Das Haupt­mo­tiv des berühm­ten Jugend­ro­mans von Jule Verne ist der Glaube an den tech­ni­schen Fort­schritt. Die­ser Fort­schritt geht dabei natür­lich von Europa aus und wird immer wie­der mit der kolo­nia­len Expan­sion in Ver­bin­dung gebracht.

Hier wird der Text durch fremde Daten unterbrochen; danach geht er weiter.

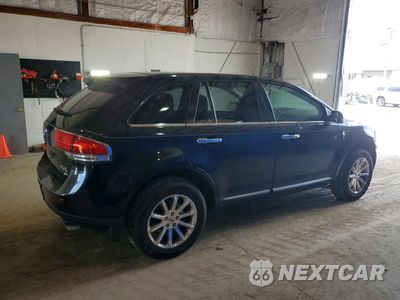Trzecie zdjęcie samochodu z tyłu: 2013 LINCOLN MKX VIN:2LMDJ8JK3DBL35013 - miniatura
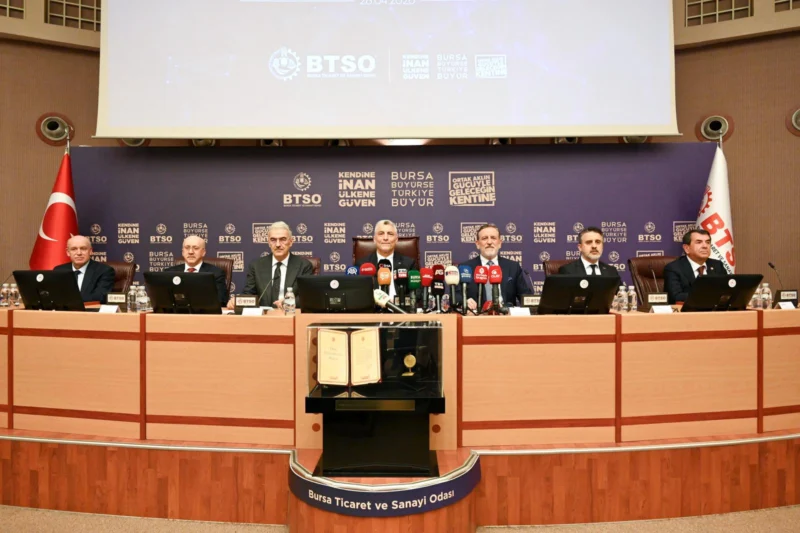 Başkan Vekili Biba: Daha Güçlü Bir Bursa İçin Çalışıyoruz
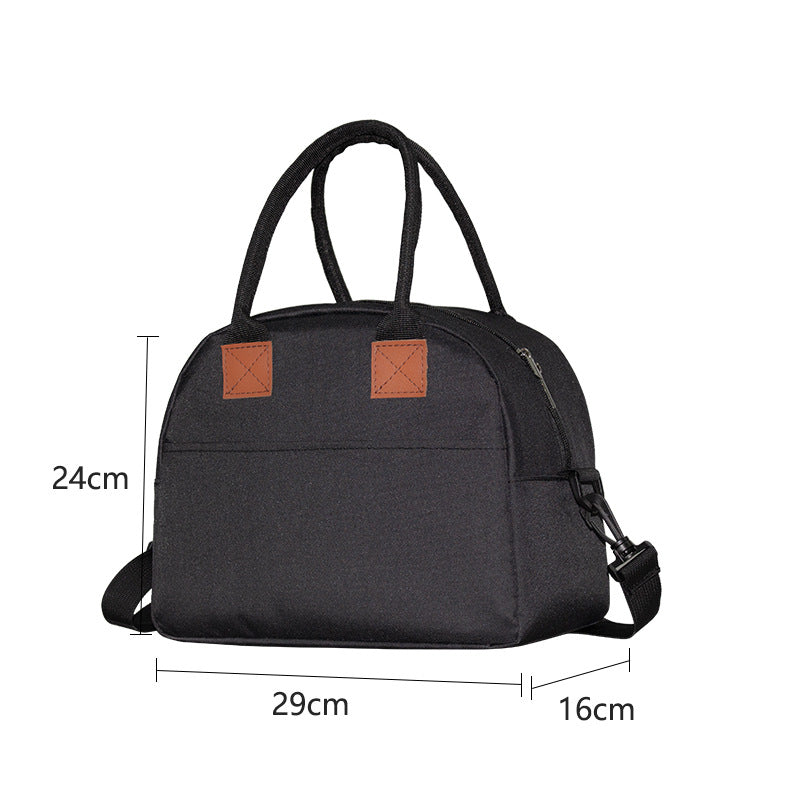 Ladies cooler bag with stylish floral pattern Kalsten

Das Buch ist durch­zo­gen von kul­tu­rel­len Kli­schees, die dazu dien­ten, die kolo­niale Beherr­schung ande­rer Men­schen zu recht­fer­ti­gen. So wer­den die Prot­ago­nis­ten zu Augen­zeu­gen einer Wit­wen­ver­bren­nung in Indien, der Opi­um­sucht in China und eines India­ner­über­falls in den USA. Verne macht die gesamte Welt zur Kulisse einer Wette von Mit­glie­dern des Lon­do­ner Reform­clubs. Inhalt die­ser Wette ist, dass das Mit­glied Phi­leas Fogg behaup­tet, die Erde in 80 Tagen umrun­den zu kön­nen. Die Bewoh­ne­rIn­nen der ver­schie­de­nen Län­der neh­men dabei ledig­lich die Rolle von Sta­tis­ten ein, die sich dem Wil­len des rei­sen­den Eng­län­ders beu­gen müs­sen und nicht sel­ten mit Gewalt dazu gebracht wer­den, ihren Wider­stand gegen des­sen Fort­kom­men aufzugeben.